CVE-2025-3987 is a command injection vulnerability identified in the TOTOLINK N150RT router, specifically version 3.4.0-B20190525. The vulnerability arises from improper handling of the 'localPin' argument within the processing of the /boafrm/formWsc endpoint. An attacker can remotely manipulate this parameter to inject arbitrary commands into the underlying operating system shell. This type of vulnerability allows an attacker to execute system-level commands with the privileges of the affected service, potentially leading to full compromise of the device. The vulnerability does not require user interaction and can be exploited remotely over the network, although it requires low privileges (PR:L) on the device, indicating some form of limited authentication or access is necessary. The CVSS 4.0 base score is 5.3 (medium severity), reflecting moderate impact on confidentiality, integrity, and availability, with network attack vector and low attack complexity. The vulnerability has been publicly disclosed, but no known exploits are reported in the wild yet. The TOTOLINK N150RT is a consumer-grade router commonly used in small offices and homes, and the affected firmware version dates back to 2019, suggesting that many devices may remain unpatched. The command injection vulnerability could allow attackers to gain persistent access, manipulate network traffic, or pivot into internal networks if exploited successfully.

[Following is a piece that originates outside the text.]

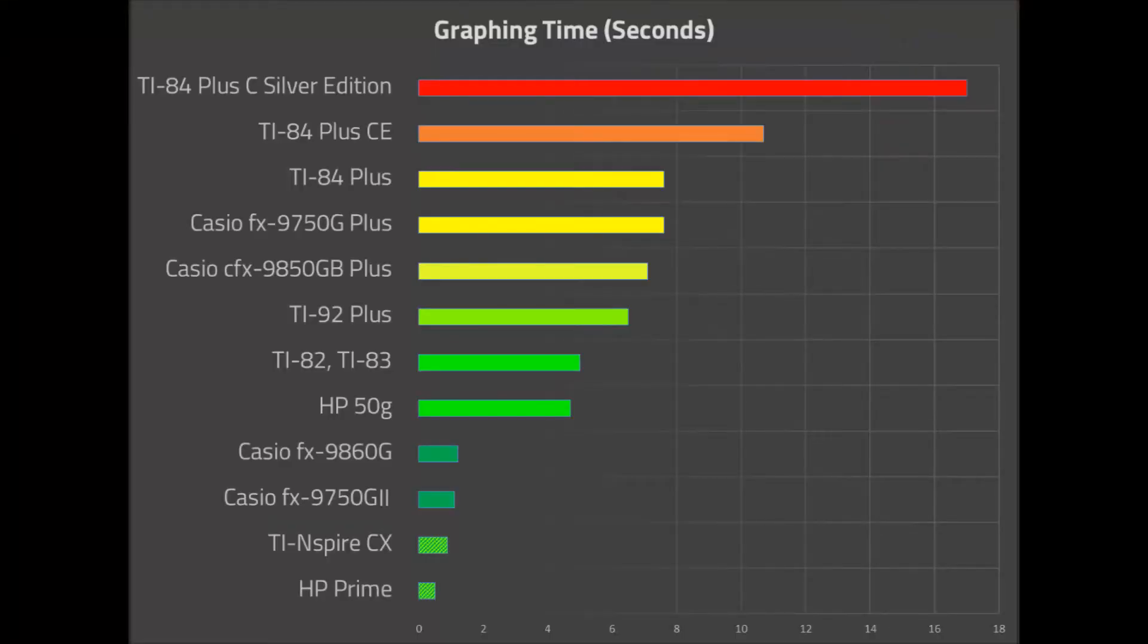Thanks for that extremely in-depth video, Daniel. As you can see, the times ranged from the very low, less than one second for the HP Prime and TI Nspire, to the very high, 17.0 seconds for the TI-84 Plus C Silver Edition.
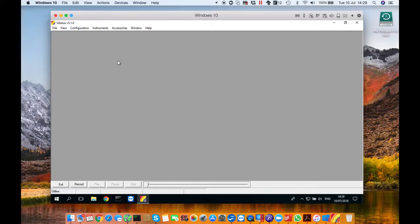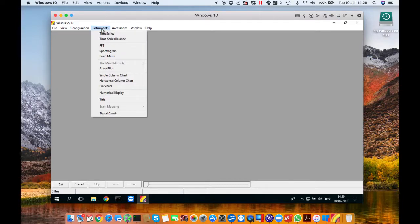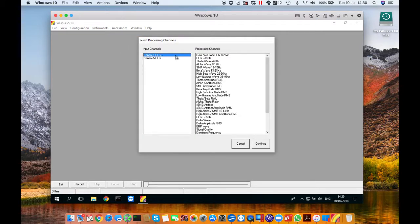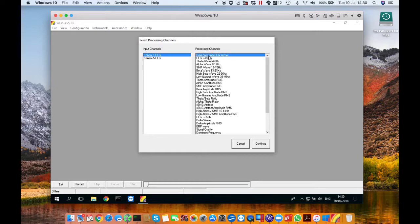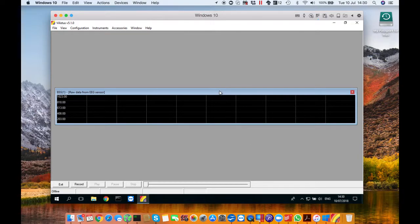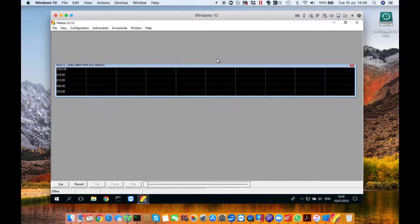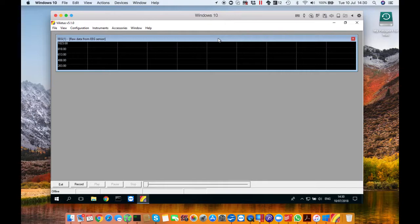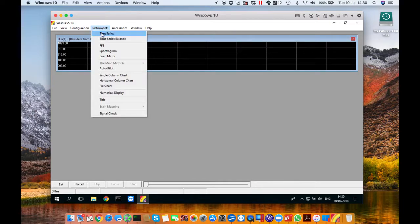So now we're going to start setting up the screen. Go to instruments then time series and you'll see this window pop up. I want you to select sensor one and then the raw data option on the right hand side. It should be at the top. Click continue and you'll see this graph come up on screen. I recommend that you place it towards the top because there's going to be two of them and there's going to be a few other things coming onto the screen as well.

For European organizations, the exploitation of this vulnerability could have several consequences. Small and medium enterprises (SMEs) and home office environments using TOTOLINK N150RT routers may face unauthorized access to their network infrastructure. Attackers could leverage the command injection to install malware, intercept sensitive communications, or use the compromised device as a foothold for lateral movement within corporate networks. This is particularly concerning for organizations with remote or hybrid work setups relying on consumer-grade networking equipment. The integrity and availability of network services could be disrupted, leading to operational downtime or data breaches. While the vulnerability requires some level of authentication, the risk remains significant because many devices may still run outdated firmware without proper access controls. The public disclosure increases the likelihood of exploitation attempts, especially by opportunistic attackers targeting less secure environments. The impact on confidentiality is moderate due to potential data interception, while integrity and availability impacts could be more severe if attackers execute destructive commands or disrupt network connectivity.

1. Immediate firmware upgrade: Organizations and users should verify the firmware version of their TOTOLINK N150RT devices and upgrade to the latest available version from the vendor that addresses this vulnerability. If no patch is available, consider replacing the device with a more secure alternative. 2. Network segmentation: Isolate vulnerable routers from critical internal networks to limit potential lateral movement if compromised. 3. Access control hardening: Restrict management interface access to trusted IP addresses and enforce strong authentication mechanisms to reduce the risk of unauthorized exploitation. 4. Monitor network traffic: Deploy intrusion detection systems (IDS) or network monitoring tools to detect unusual command injection attempts or abnormal traffic patterns targeting the /boafrm/formWsc endpoint. 5. Disable WPS if not needed: Since the vulnerability is related to the WPS (Wi-Fi Protected Setup) functionality, disabling WPS can reduce the attack surface. 6. Vendor engagement: Encourage TOTOLINK to release a security patch promptly and communicate mitigation guidance to users. 7. Incident response readiness: Prepare to isolate and remediate compromised devices quickly to minimize impact.